Lejos de sentirse presionada, la otra mujer sonrió.
—No creo que vaya a necesitar tanto tiempo.
—¡Hinata! — Taruho se puso en pie al verla—. Permíteme traerte algo de beber. ¿Un cóctel? ¿Una copa de vino?
—Prefiero una cerveza. —Salió bajo la luz de las antorchas—. Lo que esté bebiendo Naruto.
—Naruto y tú parecen tener los mismos gustos. No es de extrañar que trabajen juntos. — Taruho se acercó a la barra al aire libre—. Esa es otra pregunta que me hago. Pareces ser la confidente de Naruto y...
¿Era su imaginación o él estaba dotando a la palabra «confidente» todo tipo de significados ocultos? Agarro una jarra helada de la pequeña nevera.
—Sabemos que es un gran estratega, pero ¿es también un gran empresario?
Shion mostró su primer signo de impaciencia.
—¿De verdad crees que ella te va a responder a eso?
—Es una pregunta sencilla —afirmó Taruho—. Hinata le conoce mejor que cualquiera de nosotros, y he llegado a tener un saludable respeto por su opinión. Así que, Hinata, dinos, ¿ves a Naruto como un buen empresario?

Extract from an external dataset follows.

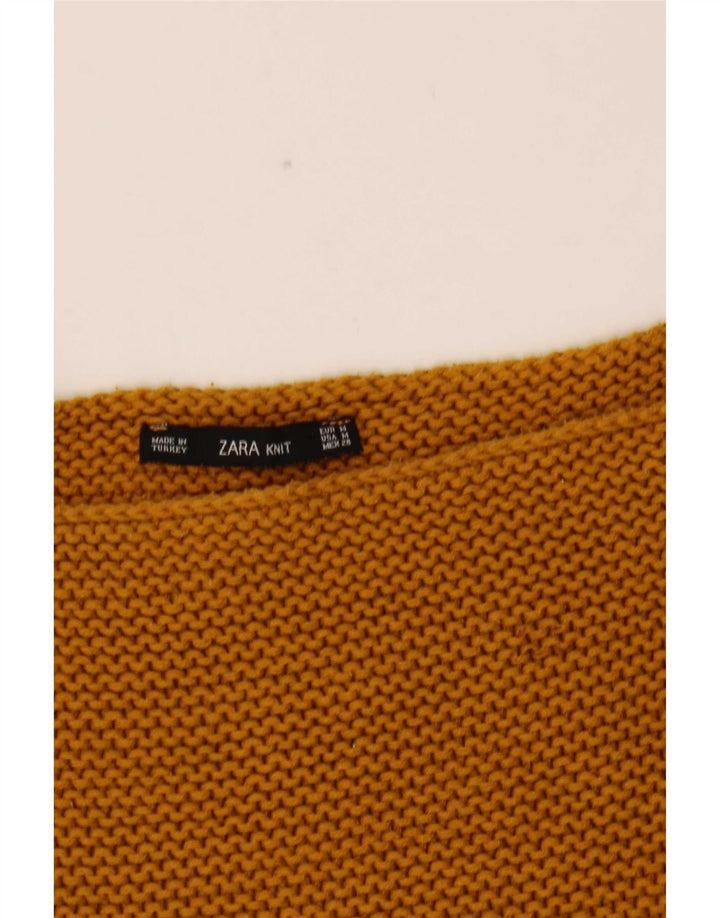 Zara Pull surdimensionné à col bateau pour femme UK 14 Jaune moyen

—Creo que Naruto alcanzará el éxito en todo lo que se proponga —replicó ella de forma diplomática.
Taruho le ofreció una jarra de cerveza helada.
—Sí, bueno, pero ¿pondría el corazón en alcanzarlo con una cadena de discotecas? Confiesa, ¿qué te dice tu instinto?
«No. Claro que no.»
Naruto arqueó una ceja, leyéndole la mente una vez más.
Ella aceptó la jarra.
—No dudo de los sueños y esperanzas de Naruto, y debo añadir que no hay nadie más honesto y trabajador que él a la hora de hacer negocios.
El ama de llaves interrumpió la conversación. Parecía nerviosa. La razón se hizo patente de inmediato cuando un par de policías uniformados la siguió al patio.
—Shion, estos hombres pertenecen al Departamento de Policía de St. Charles.
Hinata se puso de pie. Shion se limitó a mostrar una leve curiosidad.
—¿En qué puedo ayudarlos?
Ellos la ignoraron, centrándose en Naruto.
—Señor Namikaze, debe acompañarnos. Tenemos orden de detenerlo.
Taruho dio un paso adelante.
—Eso es absurdo. ¿Con qué cargo?
El oficial miró a Naruto con gravedad.
—Agresión sexual.
Nota:
El término Ararat: Monte Ararat, en Armenia, según la Biblia lugar donde se posó el Arca de Noé después del diluvio universal.